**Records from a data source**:
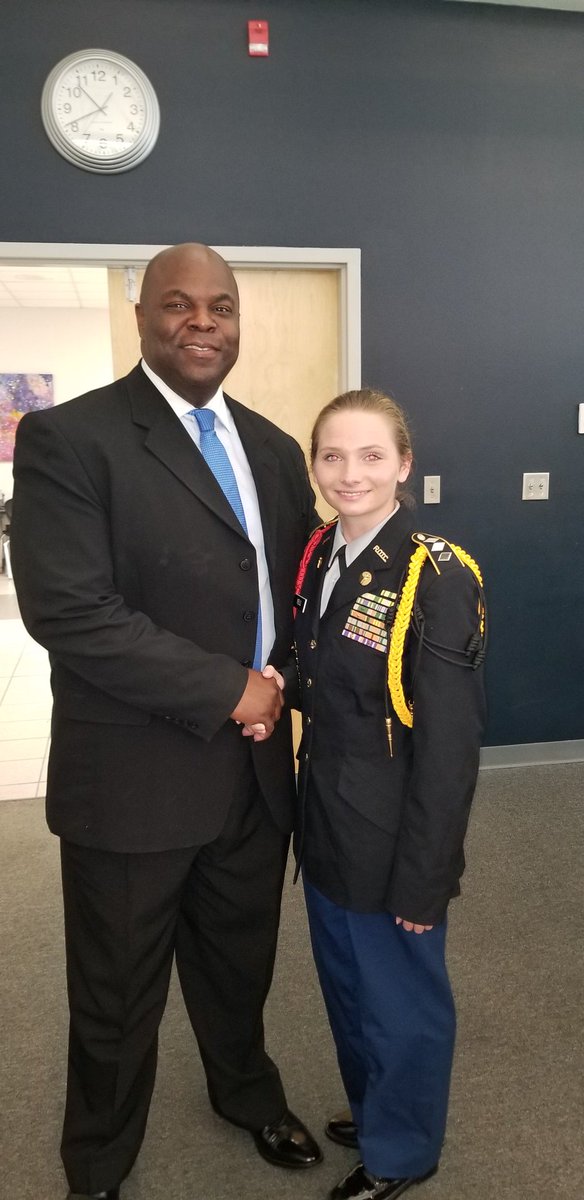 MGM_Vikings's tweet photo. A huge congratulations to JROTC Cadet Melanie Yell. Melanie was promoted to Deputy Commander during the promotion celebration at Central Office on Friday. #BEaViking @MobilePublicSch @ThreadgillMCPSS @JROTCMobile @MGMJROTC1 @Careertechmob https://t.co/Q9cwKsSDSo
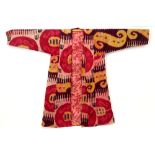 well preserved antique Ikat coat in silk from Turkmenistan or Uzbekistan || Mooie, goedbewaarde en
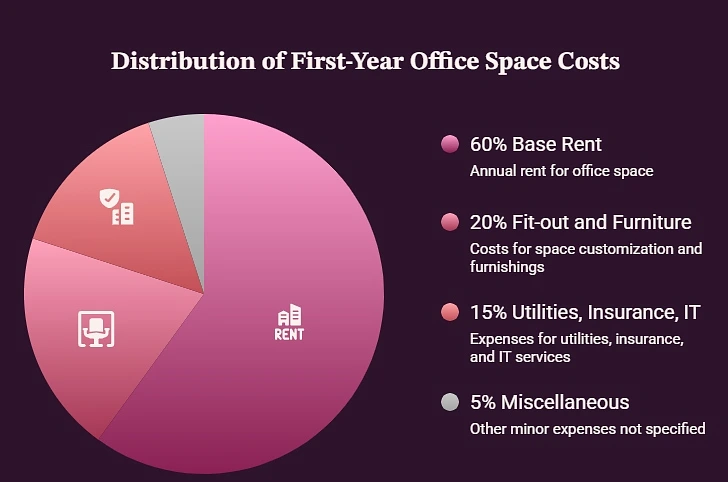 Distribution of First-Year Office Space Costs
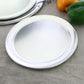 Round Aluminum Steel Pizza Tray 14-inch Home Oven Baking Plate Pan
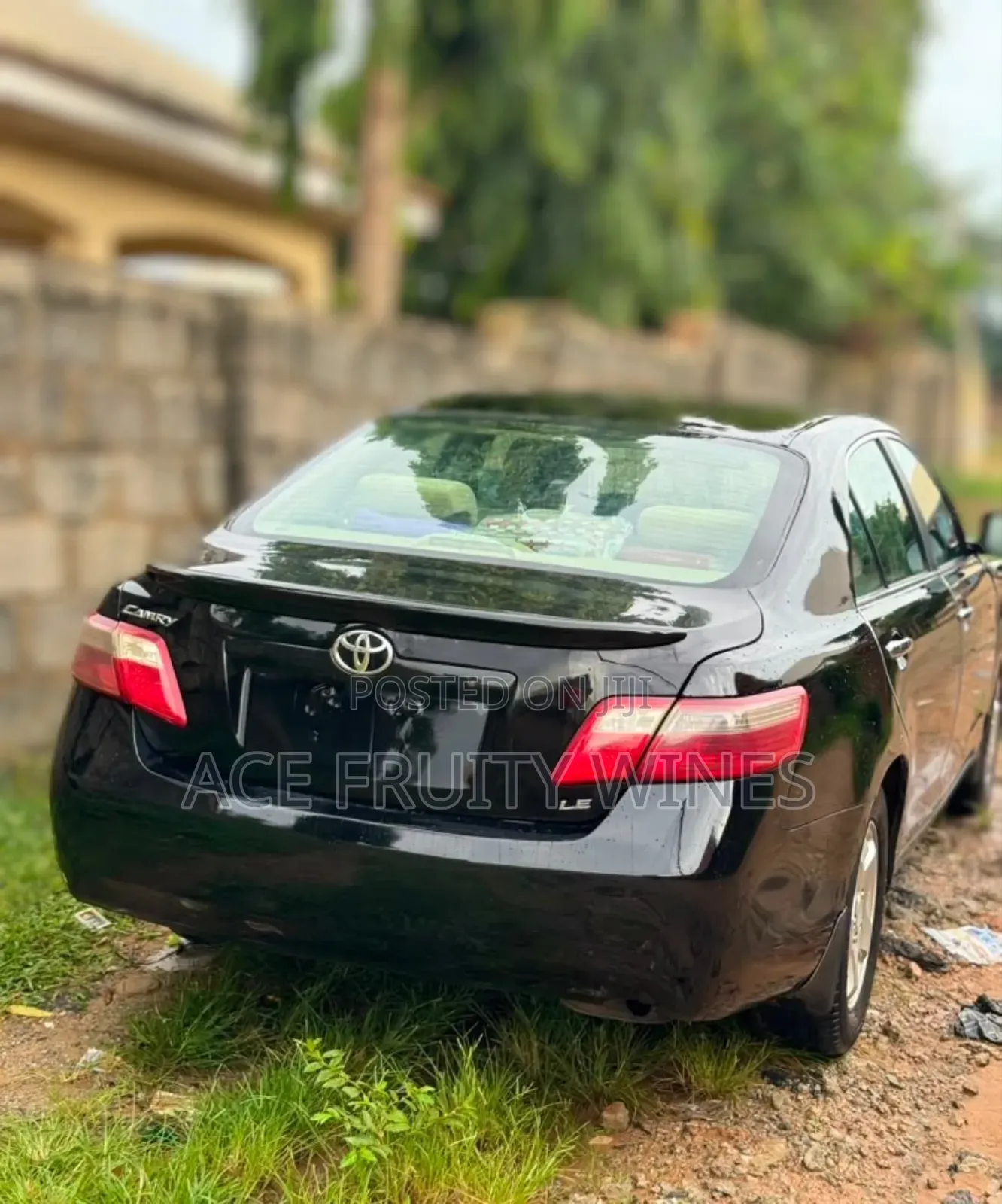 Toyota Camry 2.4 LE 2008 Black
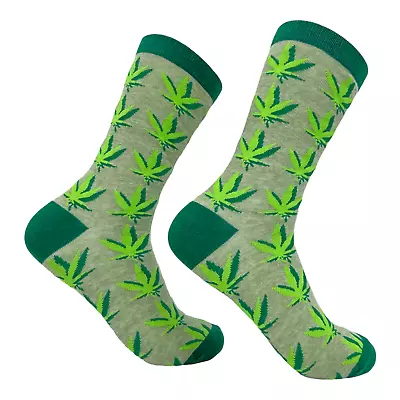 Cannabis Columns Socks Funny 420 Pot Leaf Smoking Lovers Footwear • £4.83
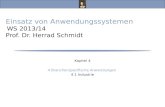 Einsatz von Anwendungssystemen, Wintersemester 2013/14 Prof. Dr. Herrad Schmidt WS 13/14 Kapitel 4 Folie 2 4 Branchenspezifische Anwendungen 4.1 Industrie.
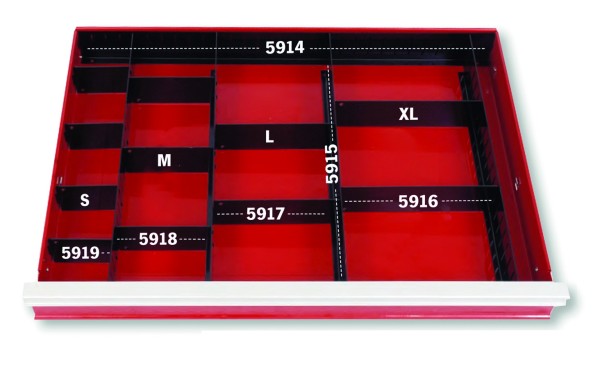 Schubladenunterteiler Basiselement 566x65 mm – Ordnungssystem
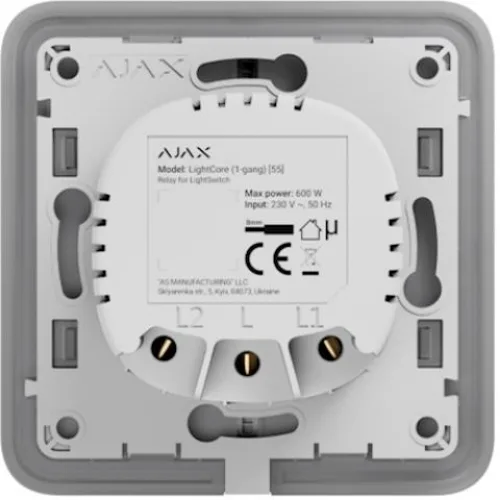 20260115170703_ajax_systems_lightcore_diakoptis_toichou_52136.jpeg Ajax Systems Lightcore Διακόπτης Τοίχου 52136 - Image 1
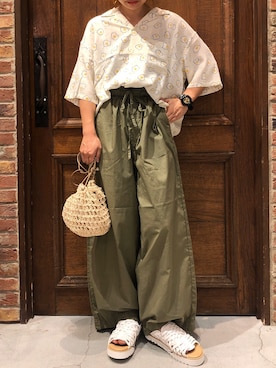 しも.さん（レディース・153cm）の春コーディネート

**Goal of the exercise**: The line containing "52136 - Image 1" and every line after it, up to the last line of the data, should be returned exactly, without the pictures.

**Your solution**:
 20260115170703_ajax_systems_lightcore_diakoptis_toichou_52136.jpeg Ajax Systems Lightcore Διακόπτης Τοίχου 52136 - Image 1
 しも.さん（レディース・153cm）の春コーディネート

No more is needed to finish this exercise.